CARNETS DE VOYAGE. PÉRIPLE DE PAIX EN MÉDITERRANÉE. « MA PREMIÈRE NUIT SUR LE NAVIRE DE GUERRE »

(…) Le 23 juin 2001, 14 heures. Marseille grouille de monde. Les pacifistes, informés de l’heure du départ, ne se lassent toutefois pas de serpenter ses ruelles. Une course effrénée contre la montre est enclenchée. Marseille n’était pas de ces villes où on pénétrait comme on en sortait. Dieu sait combien on aurait aimé se carrer sur les terrasses de La Canebière, contempler la beauté des voiliers rutilants qui semblaient sortir d’un conte merveilleux, des mouettes se prenant en chasse et remplissant les airs de leurs cris de joie, se laisser bercer du mistral qui se levait comme pour appeler à de nouvelles conquêtes maritimes, caresser ces édifices sculptés qui paraissaient surgir de toiles immémoriales …

Qui a dit que le bonheur est éphémère ?

Un coup de téléphone me tire de mes rêveries.

J’ai compris alors que l’heure du départ était venue…

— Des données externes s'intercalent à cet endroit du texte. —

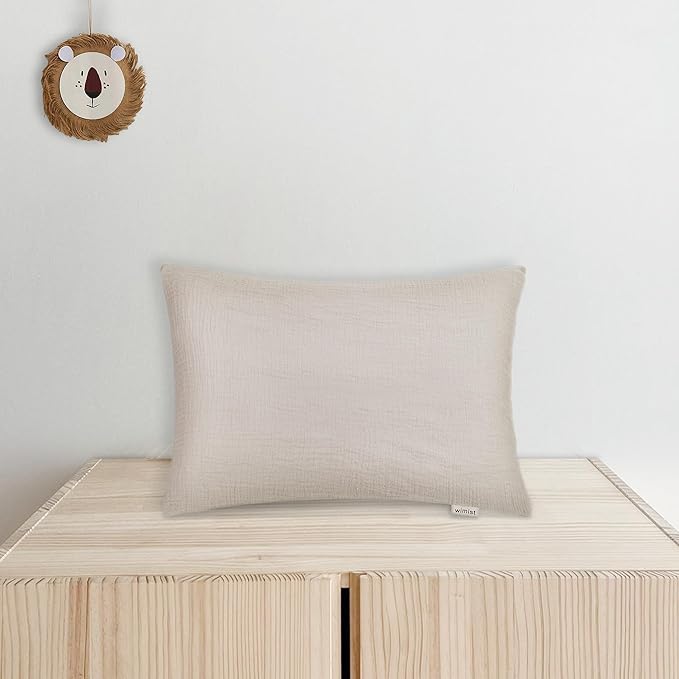 Toddler Pillowcases for 14"x20" Pillow 2 Pack, Muslin Small Toddler Baby Kids Travel Pillow Covers for Boys Girls with Envelope Closure (Beige, 14 x 20 Inch)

Me voilà, pour la première fois, sur un navire de guerre! Un marin roumain m’indique ma cabine, me remets le clefs et s’en va… en trombe.

Soudain, un micro crache quelques consignes et annonce le départ. Je remonte sur l’héliport. Le Constanta était déjà loin… du port. Derrière, la Cathédrale Notre-Dame semblait émerger de sa torpeur. Elle paraissait lever ses bras vers le ciel comme pour nous souhaiter bon voyage.

D’étranges questions se bousculent dans ma tête. Que suis-je venu faire sur un navire de guerre ? Aurais-je pu imaginer pouvoir me trouver, un jour, au milieu de tourelles de vigie et de mitraillettes ? Me revint à l’esprit cette phrase: «Les mots sont plus forts que les canons»!

Ils étaient là, ces canons. Et rien qu’à les regarder, je ne puis m’empêcher de frémir. Me voilà converti en soldat, mais sans armes. Vais-je troquer ma casquette de journaliste contre le béret des militaires ? Comment vais-je supporter la discipline martiale ? Etre réveillé en fanfare, assister à la levée du drapeau, participer aux manœuvres de navigation, faire le guet sur la tourelle de vigie … Je me frottais les yeux comme pour vérifier si je ne sortais d’un rêve ?

Rêve, pas du tout! Et ce ne sont surtout pas les faits qui diront le contraire. Cela commence dans la sérénité. Après ma première nuit à bord du bâtiment de guerre, longue grasse matinée…

Il était 11 heures quand je me suis réveillé. J’ouvre mon robinet. Une goutte, puis rien. Je me précipite vers la proue. «Buongiorno», me fait Francesco, un ami italien qui m’invite à une collation. J’ai pris une bouteille d’eau minérale non que j’aie soif mais que j’aie besoin de me laver le visage.

Francesco me jeta un regard interrogateur… je le quittai…

Une demi-heure plus tard, un bruit de sirène déchire les airs. Les cadets roumains sont en alerte. Mon pavillon est inondé d’eau. Les cabines, submergées. Panique, à bord. Puis, du calme. Que s’est-il passé? «Votre amie a oublié de fermer le robinet!», crut savoir un marin, en allusion à l’amie actrice Siham Yasni qui m’accompagnait sur le Constanta.

Le marin a peut-être cherché à me disculper, il ne pouvait ne pas savoir en tout cas. D’ailleurs, je ne m’en étais pas caché. «J’ai imaginé que le robinet ne fonctionnait pas. Je ne savais pas que la distribution d’eau était réglementée…», lui dis-je.

Les consignes étaient pourtant claires. A 7 heures, tout le monde a pris sa douche. Le petit déjeuner se termine à 7H30. La collation est prévue à 11 heures…

Je me suis fait sonner les cloches… et… ce n’était pas tout… «Vous devez signer une décharge ou descendre au cachot», m’intima le marin, en me mitraillant de regards inquisiteurs.

«Il vaut mieux signer une décharge que finir dans un cachot!», maugréai-je. Il n’en fut rien.

Finalement, j’ai compris que c’était du bizutage.